● **How to complete this task**
Each entry in the listing must be set down again word for word.

● **Dataset**

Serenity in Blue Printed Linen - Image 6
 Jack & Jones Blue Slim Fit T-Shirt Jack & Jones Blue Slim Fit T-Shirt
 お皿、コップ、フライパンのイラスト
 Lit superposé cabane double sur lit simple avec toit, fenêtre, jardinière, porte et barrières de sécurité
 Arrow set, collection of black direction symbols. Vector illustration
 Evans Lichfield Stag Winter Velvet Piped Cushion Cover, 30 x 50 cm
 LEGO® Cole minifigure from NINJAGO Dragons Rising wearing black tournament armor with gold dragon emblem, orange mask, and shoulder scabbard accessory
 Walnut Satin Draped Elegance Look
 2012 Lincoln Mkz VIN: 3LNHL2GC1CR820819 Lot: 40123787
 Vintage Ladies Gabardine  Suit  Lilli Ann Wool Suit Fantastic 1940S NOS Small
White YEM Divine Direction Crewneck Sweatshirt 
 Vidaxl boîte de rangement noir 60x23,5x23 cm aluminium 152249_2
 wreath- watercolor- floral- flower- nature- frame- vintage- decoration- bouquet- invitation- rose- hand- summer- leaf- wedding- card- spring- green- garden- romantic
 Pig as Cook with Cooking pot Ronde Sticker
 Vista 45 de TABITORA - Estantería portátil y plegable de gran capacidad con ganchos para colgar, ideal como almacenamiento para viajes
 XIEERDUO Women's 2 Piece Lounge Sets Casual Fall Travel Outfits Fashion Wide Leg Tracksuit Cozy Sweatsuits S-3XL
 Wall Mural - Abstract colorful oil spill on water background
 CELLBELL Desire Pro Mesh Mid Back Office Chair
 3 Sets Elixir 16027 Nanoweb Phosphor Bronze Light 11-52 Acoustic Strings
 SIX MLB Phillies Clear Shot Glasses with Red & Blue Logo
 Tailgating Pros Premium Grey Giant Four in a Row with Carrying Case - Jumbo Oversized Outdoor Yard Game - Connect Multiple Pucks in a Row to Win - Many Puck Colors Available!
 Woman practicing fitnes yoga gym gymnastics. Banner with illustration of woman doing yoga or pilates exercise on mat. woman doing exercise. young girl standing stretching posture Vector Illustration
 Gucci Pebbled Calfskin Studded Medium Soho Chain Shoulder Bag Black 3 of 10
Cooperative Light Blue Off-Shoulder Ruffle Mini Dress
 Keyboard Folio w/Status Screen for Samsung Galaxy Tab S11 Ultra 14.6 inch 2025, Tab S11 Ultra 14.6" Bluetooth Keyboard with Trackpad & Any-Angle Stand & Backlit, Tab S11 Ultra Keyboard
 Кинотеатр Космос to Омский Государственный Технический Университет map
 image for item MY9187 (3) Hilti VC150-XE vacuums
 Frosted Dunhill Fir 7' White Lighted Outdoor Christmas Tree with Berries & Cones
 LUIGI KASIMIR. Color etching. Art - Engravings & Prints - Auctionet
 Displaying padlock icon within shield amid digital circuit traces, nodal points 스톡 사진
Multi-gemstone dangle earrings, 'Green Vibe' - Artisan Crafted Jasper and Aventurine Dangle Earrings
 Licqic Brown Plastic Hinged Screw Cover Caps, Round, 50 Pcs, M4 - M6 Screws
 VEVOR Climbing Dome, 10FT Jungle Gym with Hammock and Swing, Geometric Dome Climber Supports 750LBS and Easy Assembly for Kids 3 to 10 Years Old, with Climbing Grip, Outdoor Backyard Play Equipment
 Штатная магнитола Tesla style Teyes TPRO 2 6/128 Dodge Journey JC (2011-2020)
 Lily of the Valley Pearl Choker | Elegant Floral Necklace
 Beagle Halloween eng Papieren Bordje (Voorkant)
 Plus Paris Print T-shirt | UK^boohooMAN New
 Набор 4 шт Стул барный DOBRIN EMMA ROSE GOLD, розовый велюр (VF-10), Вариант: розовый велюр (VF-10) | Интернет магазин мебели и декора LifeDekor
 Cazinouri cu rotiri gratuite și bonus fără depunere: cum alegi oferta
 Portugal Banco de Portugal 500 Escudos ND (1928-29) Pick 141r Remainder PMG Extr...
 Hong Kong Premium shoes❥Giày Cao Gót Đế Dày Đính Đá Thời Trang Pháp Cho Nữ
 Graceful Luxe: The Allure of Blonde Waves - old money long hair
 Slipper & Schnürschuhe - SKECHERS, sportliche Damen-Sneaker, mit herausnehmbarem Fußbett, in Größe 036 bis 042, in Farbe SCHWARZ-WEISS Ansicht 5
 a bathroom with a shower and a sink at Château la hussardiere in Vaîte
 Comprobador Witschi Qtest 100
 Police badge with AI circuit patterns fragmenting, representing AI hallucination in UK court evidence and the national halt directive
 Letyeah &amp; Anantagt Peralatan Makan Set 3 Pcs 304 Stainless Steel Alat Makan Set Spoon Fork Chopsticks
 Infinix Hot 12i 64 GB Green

● **Solution to the exercise**
Serenity in Blue Printed Linen - Image 6
 Jack & Jones Blue Slim Fit T-Shirt Jack & Jones Blue Slim Fit T-Shirt
 お皿、コップ、フライパンのイラスト
 Lit superposé cabane double sur lit simple avec toit, fenêtre, jardinière, porte et barrières de sécurité
 Arrow set, collection of black direction symbols. Vector illustration
 Evans Lichfield Stag Winter Velvet Piped Cushion Cover, 30 x 50 cm
 LEGO® Cole minifigure from NINJAGO Dragons Rising wearing black tournament armor with gold dragon emblem, orange mask, and shoulder scabbard accessory
 Walnut Satin Draped Elegance Look
 2012 Lincoln Mkz VIN: 3LNHL2GC1CR820819 Lot: 40123787
 Vintage Ladies Gabardine  Suit  Lilli Ann Wool Suit Fantastic 1940S NOS Small
White YEM Divine Direction Crewneck Sweatshirt 
 Vidaxl boîte de rangement noir 60x23,5x23 cm aluminium 152249_2
 wreath- watercolor- floral- flower- nature- frame- vintage- decoration- bouquet- invitation- rose- hand- summer- leaf- wedding- card- spring- green- garden- romantic
 Pig as Cook with Cooking pot Ronde Sticker
 Vista 45 de TABITORA - Estantería portátil y plegable de gran capacidad con ganchos para colgar, ideal como almacenamiento para viajes
 XIEERDUO Women's 2 Piece Lounge Sets Casual Fall Travel Outfits Fashion Wide Leg Tracksuit Cozy Sweatsuits S-3XL
 Wall Mural - Abstract colorful oil spill on water background
 CELLBELL Desire Pro Mesh Mid Back Office Chair
 3 Sets Elixir 16027 Nanoweb Phosphor Bronze Light 11-52 Acoustic Strings
 SIX MLB Phillies Clear Shot Glasses with Red & Blue Logo
 Tailgating Pros Premium Grey Giant Four in a Row with Carrying Case - Jumbo Oversized Outdoor Yard Game - Connect Multiple Pucks in a Row to Win - Many Puck Colors Available!
 Woman practicing fitnes yoga gym gymnastics. Banner with illustration of woman doing yoga or pilates exercise on mat. woman doing exercise. young girl standing stretching posture Vector Illustration
 Gucci Pebbled Calfskin Studded Medium Soho Chain Shoulder Bag Black 3 of 10
Cooperative Light Blue Off-Shoulder Ruffle Mini Dress
 Keyboard Folio w/Status Screen for Samsung Galaxy Tab S11 Ultra 14.6 inch 2025, Tab S11 Ultra 14.6" Bluetooth Keyboard with Trackpad & Any-Angle Stand & Backlit, Tab S11 Ultra Keyboard
 Кинотеатр Космос to Омский Государственный Технический Университет map
 image for item MY9187 (3) Hilti VC150-XE vacuums
 Frosted Dunhill Fir 7' White Lighted Outdoor Christmas Tree with Berries & Cones
 LUIGI KASIMIR. Color etching. Art - Engravings & Prints - Auctionet
 Displaying padlock icon within shield amid digital circuit traces, nodal points 스톡 사진
Multi-gemstone dangle earrings, 'Green Vibe' - Artisan Crafted Jasper and Aventurine Dangle Earrings
 Licqic Brown Plastic Hinged Screw Cover Caps, Round, 50 Pcs, M4 - M6 Screws
 VEVOR Climbing Dome, 10FT Jungle Gym with Hammock and Swing, Geometric Dome Climber Supports 750LBS and Easy Assembly for Kids 3 to 10 Years Old, with Climbing Grip, Outdoor Backyard Play Equipment
 Штатная магнитола Tesla style Teyes TPRO 2 6/128 Dodge Journey JC (2011-2020)
 Lily of the Valley Pearl Choker | Elegant Floral Necklace
 Beagle Halloween eng Papieren Bordje (Voorkant)
 Plus Paris Print T-shirt | UK^boohooMAN New
 Набор 4 шт Стул барный DOBRIN EMMA ROSE GOLD, розовый велюр (VF-10), Вариант: розовый велюр (VF-10) | Интернет магазин мебели и декора LifeDekor
 Cazinouri cu rotiri gratuite și bonus fără depunere: cum alegi oferta
 Portugal Banco de Portugal 500 Escudos ND (1928-29) Pick 141r Remainder PMG Extr...
 Hong Kong Premium shoes❥Giày Cao Gót Đế Dày Đính Đá Thời Trang Pháp Cho Nữ
 Graceful Luxe: The Allure of Blonde Waves - old money long hair
 Slipper & Schnürschuhe - SKECHERS, sportliche Damen-Sneaker, mit herausnehmbarem Fußbett, in Größe 036 bis 042, in Farbe SCHWARZ-WEISS Ansicht 5
 a bathroom with a shower and a sink at Château la hussardiere in Vaîte
 Comprobador Witschi Qtest 100
 Police badge with AI circuit patterns fragmenting, representing AI hallucination in UK court evidence and the national halt directive
 Letyeah &amp; Anantagt Peralatan Makan Set 3 Pcs 304 Stainless Steel Alat Makan Set Spoon Fork Chopsticks
 Infinix Hot 12i 64 GB Green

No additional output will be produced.